◆ **What you have to do**
How do the lines read from the one holding "Paper Company Color" through the last line of the listing? Set them down exactly, pictures omitted.

◆ **Records**
=== Begin Enclosure ===

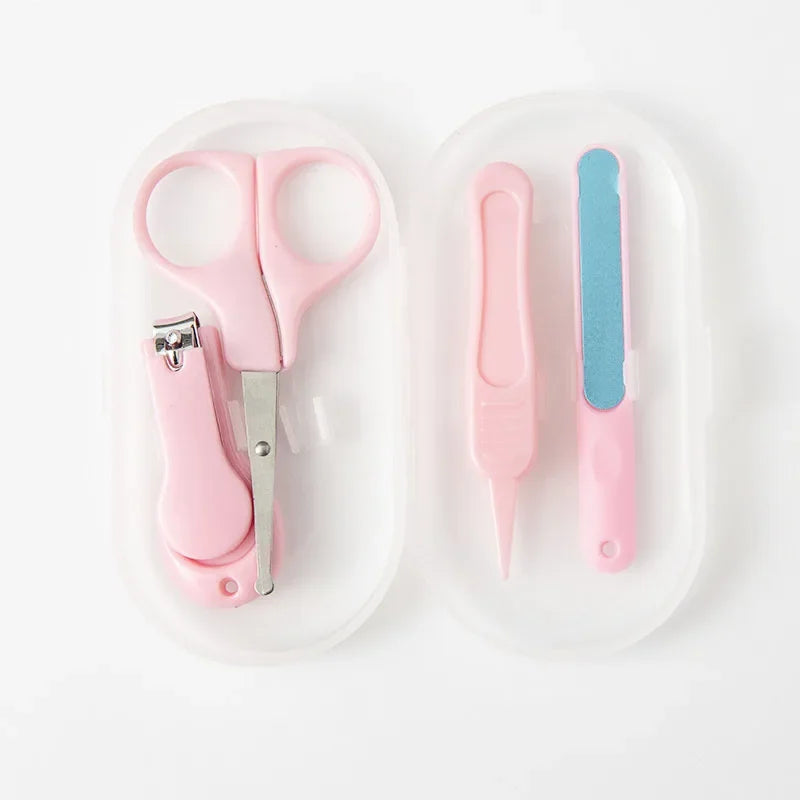 4pcs/set Baby Nail Clipper Set Children Kids Nail Cutter Scissors Files Small Nail Trimmer Baby Nails Care Tools Baby Care Items
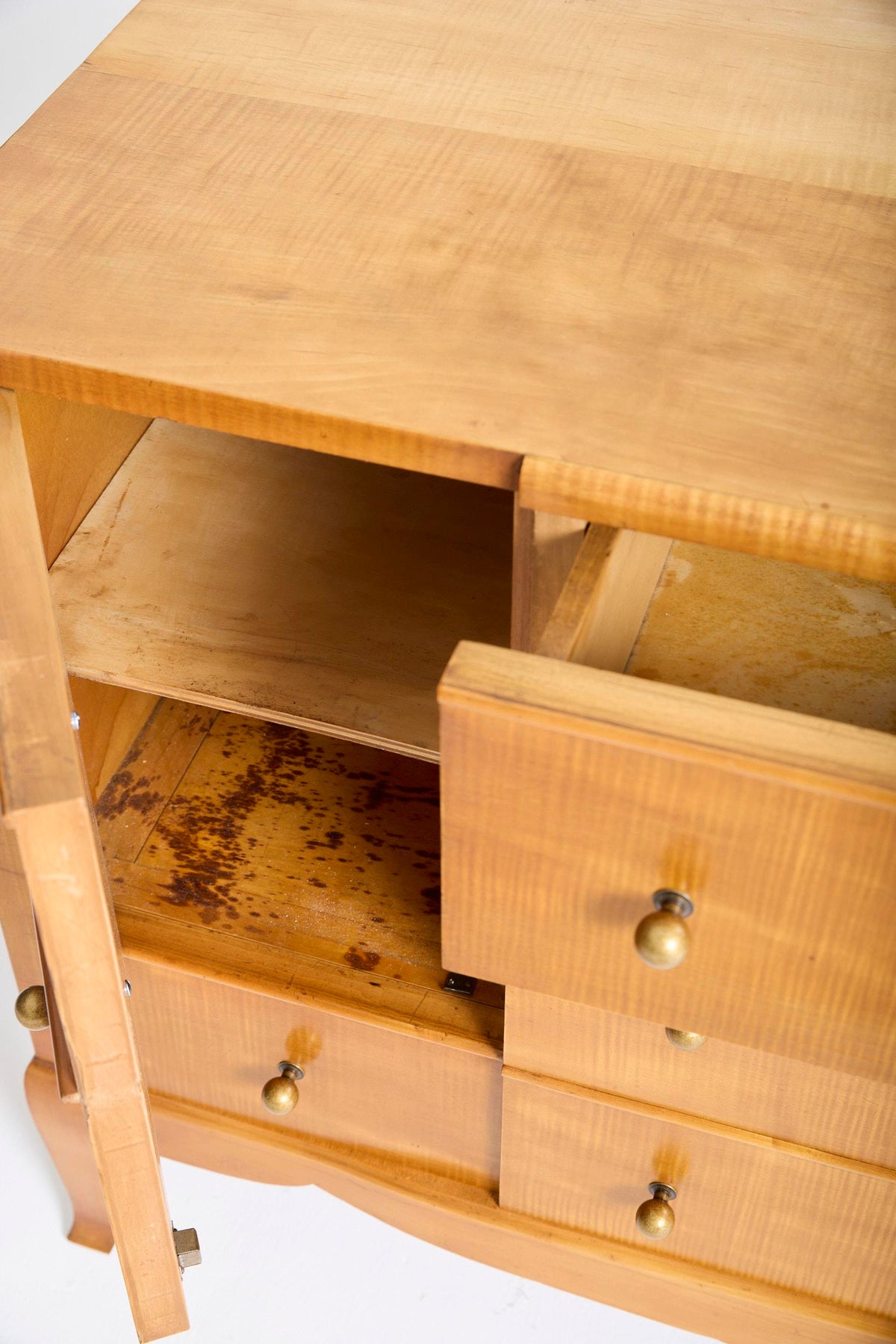 Art Deco Sycamore Chest of Drawers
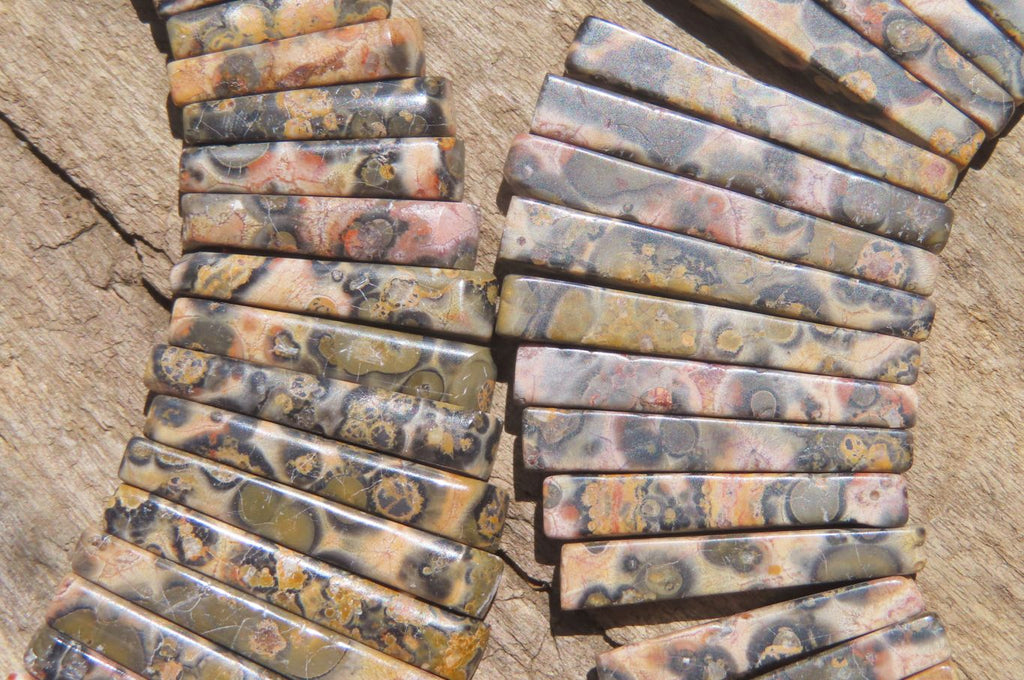 Polished Snakeskin Jasper Beaded Egyptian Choker Necklace - Sold per Item - From Australia - Toprock Gemstones and Minerals 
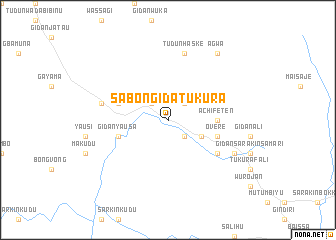 map of Sabon Gida Tukura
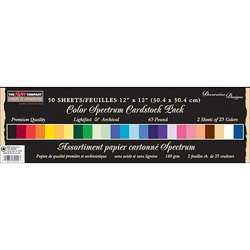 Paper Company Color Spectrum 12x12 Cardstock (Pack of 50)   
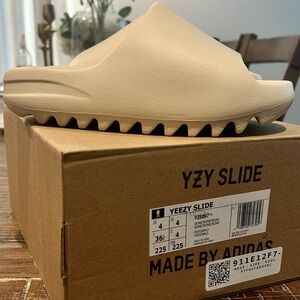 Authentic Yeezy Slides Bone - Size 4 - Asking 170 OBO - Brand New Never Worn.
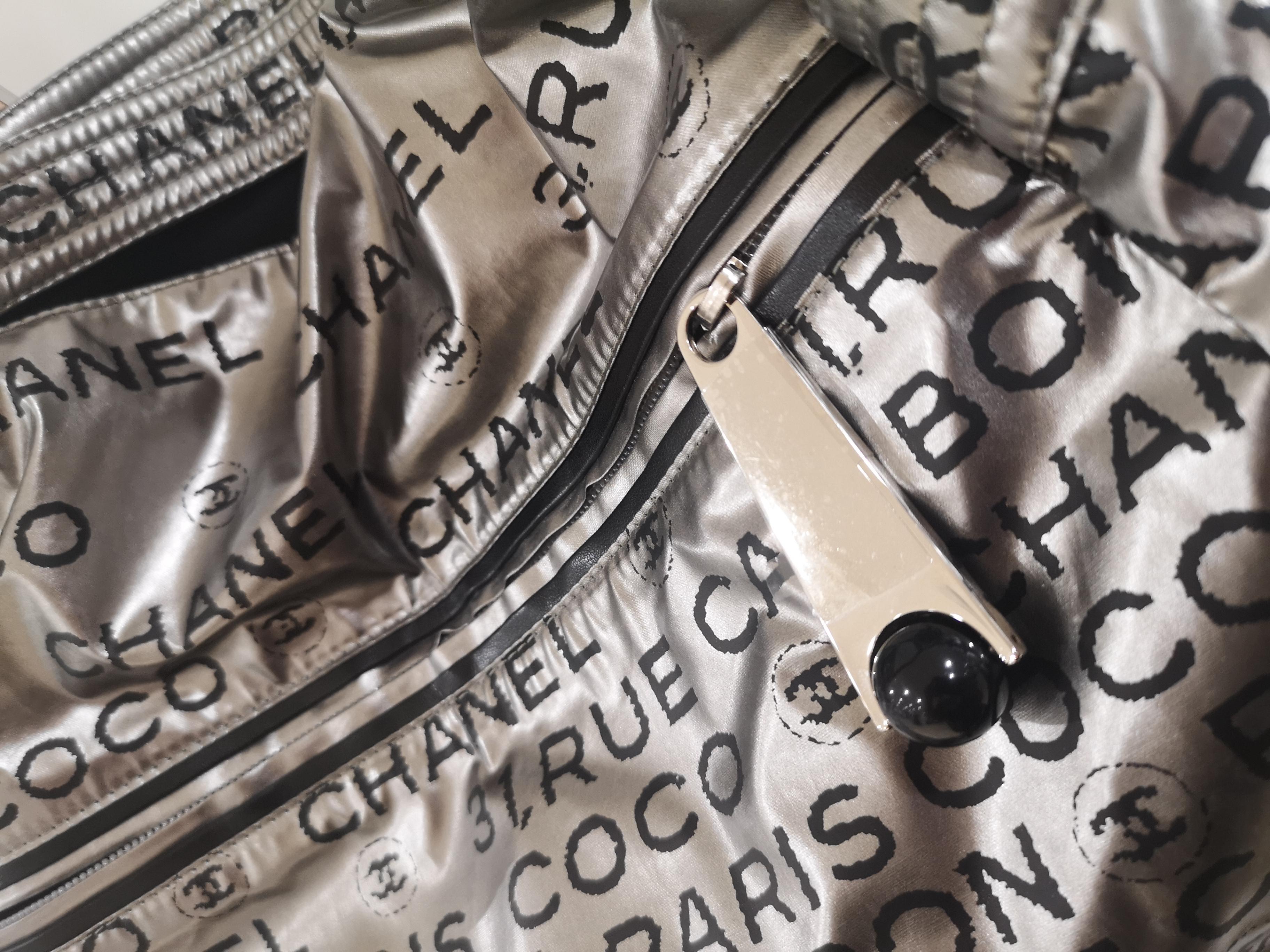 Chanel silver Rue de Cambon shoulder bag 2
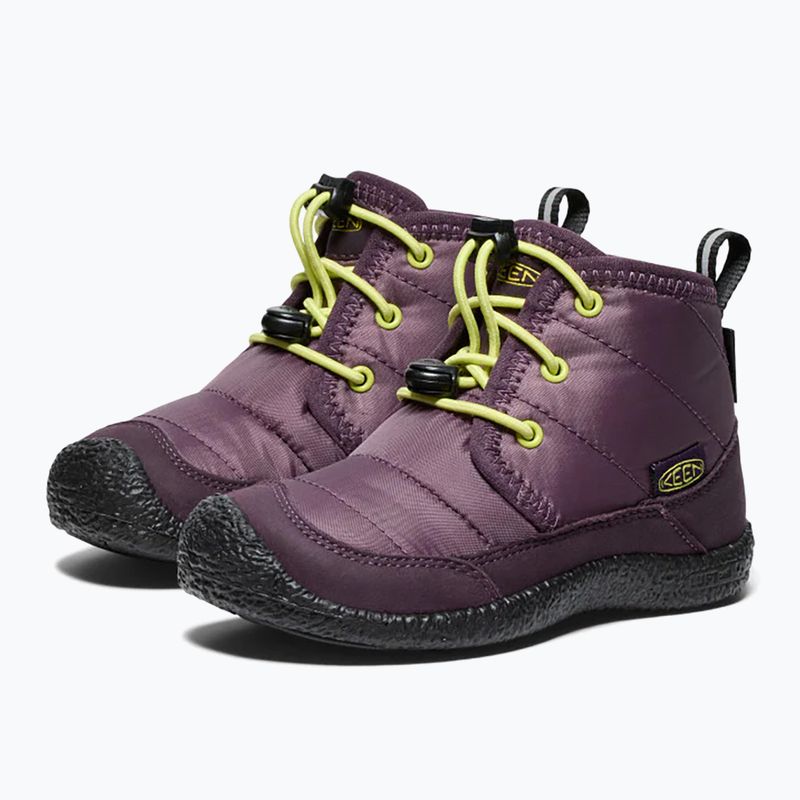 Buty dziecięce KEEN Howser II Chukka WP plum perfect/daiquiri green 9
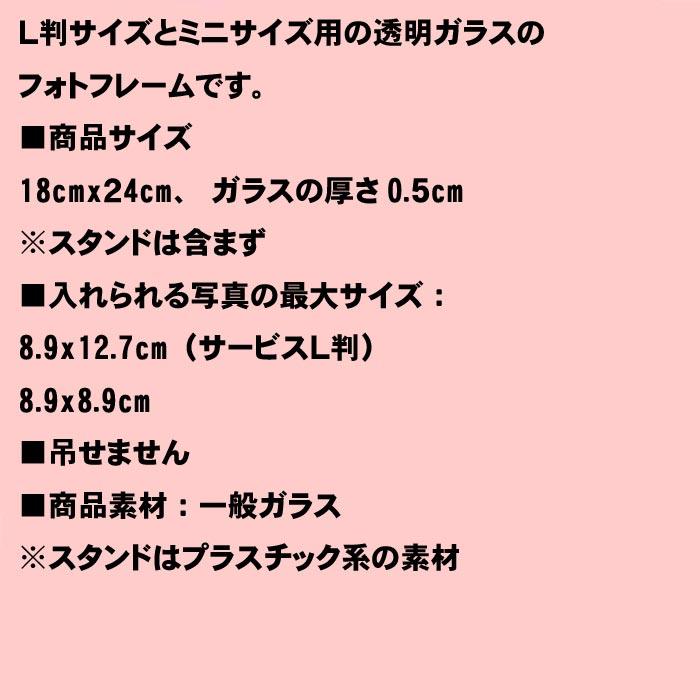 フォトフレーム ２窓 写真立て 透明 ガラス フォトフレーム・Ｌ判＆ミニサイズ 0819-23 | ブランド登録なし | 05
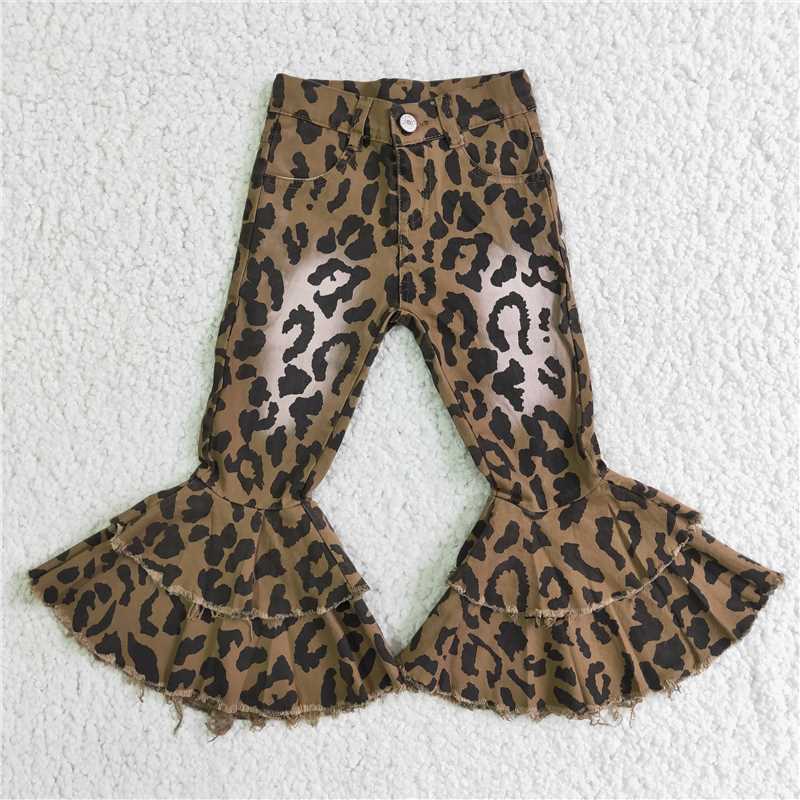 fashion leopard jeans for morden girls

=== End Enclosure ===

◆ **Answer to the exercise**
 Paper Company Color Spectrum 12x12 Cardstock (Pack of 50)   
 Authentic Yeezy Slides Bone - Size 4 - Asking 170 OBO - Brand New Never Worn.
 Chanel silver Rue de Cambon shoulder bag 2
 Buty dziecięce KEEN Howser II Chukka WP plum perfect/daiquiri green 9
 フォトフレーム ２窓 写真立て 透明 ガラス フォトフレーム・Ｌ判＆ミニサイズ 0819-23 | ブランド登録なし | 05
 fashion leopard jeans for morden girls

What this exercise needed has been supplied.